The 2023 Fiat 500e La Prima comes standard with the following features:
- Mode 3 charging cable (11kW)
- 17-inch diamond-cut alloy wheels
- Automatic LED headlights
- Auto high-beam
- LED daytime running lights
- LED tail lights
- Rain-sensing wipers
- Chrome exterior highlights
- Privacy glass
- 7.0-inch TFT digital instrument cluster
- 10.25-inch touchscreen infotainment system
- Wireless Apple CarPlay and Android Auto
- DAB+ digital radio
- Six-speaker sound system
- Climate control
- Keyless entry and push-button start
- Centre armrest and closed centre console
- Bi-colour steering wheel
- Premium woven dashboard finisher
- Ice beige eco-leather upholstery
- Six-way manual adjusting front seats
- Heated front seats
- Branded floor mats
The 2023 Fiat 500e La Prima is available in the following exterior paint colours:
- Ice White
- Onyx Black
- Ocean Green
- Mineral Grey
- Rose Gold
- Celestial Blue
All colours besides Ice White cost an additional $700, save for Celestial Blue which costs an additional $1600.
The Fiat 500e earned a four-star ANCAP safety rating based on testing conducted by Euro NCAP in 2021.
It scored 78 per cent for adult occupant protection, 79 per cent for child occupant protection, 67 per cent for vulnerable road user protection, and 67 per cent for safety assist.
The 2023 Fiat 500e La Prima comes standard with the following safety features:
- Autonomous emergency braking (AEB)
- Blind-spot monitoring
- Lane-keep assist
- Lane centring
- Intelligent speed assist
- Traffic sign recognition
- Attention Assist
- Adaptive cruise control
- Traffic jam assist
- Reversing camera
- Front and rear parking sensors
- Tyre pressure monitoring
Stellantis covers the Fiat 500e with a three-year warranty, while the high-voltage battery is covered for eight years or 160,000km (whichever comes first).
Service intervals are 12 months or 15,000 kilometres.

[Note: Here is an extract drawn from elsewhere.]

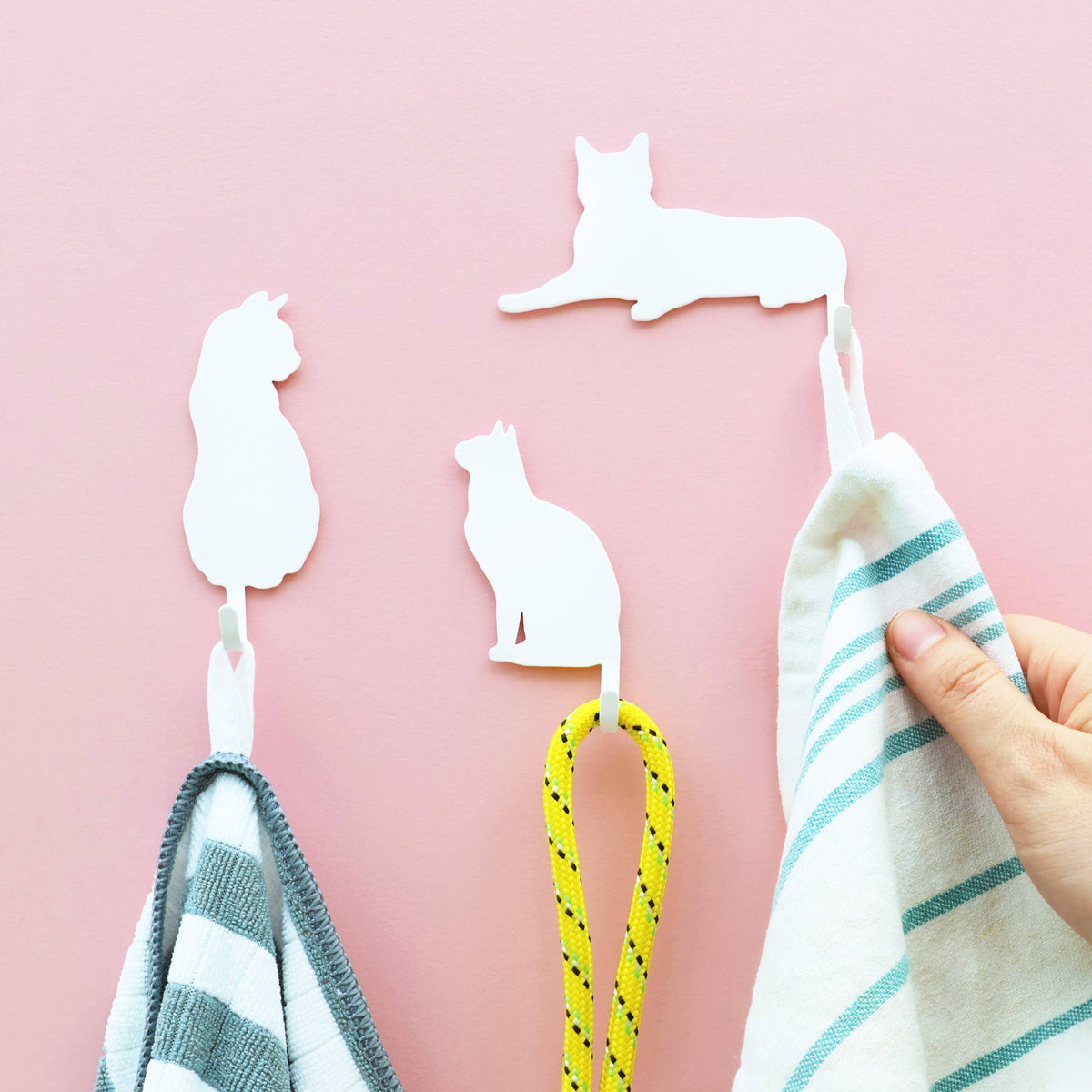 SUCK UK Ltd - USA - Cat Wall Hooks – Hang your stuff on their tails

There’s also capped-price scheduled servicing for eight years at the cost of $250 per visit.
From any angle the Fiat 500e upholds the nameplate’s style icon status, and as such is one of the coolest electric cars on the market with genuine retro-chic looks.
It larger dimensions make it a more liveable and practical proposition than its petrol-powered siblings, while its wider track and extra length offer agile handling and relative ride comfort on most surfaces.
The new interior featuring all the mod-cons and the technology is where it needs to be to compete with a growing number of battery electric rivals.
It’s not the most expensive in its segment, but it costs more than anything comparable out of China, including the recently launched MG 4 – which gets a significantly larger battery and far greater range, even at the entry level.
However, Fiat 500e buyers are unlikely to be doing a lot of cross-shopping because nothing says dolce vita like a Fiat 500e in such challenging environmental times.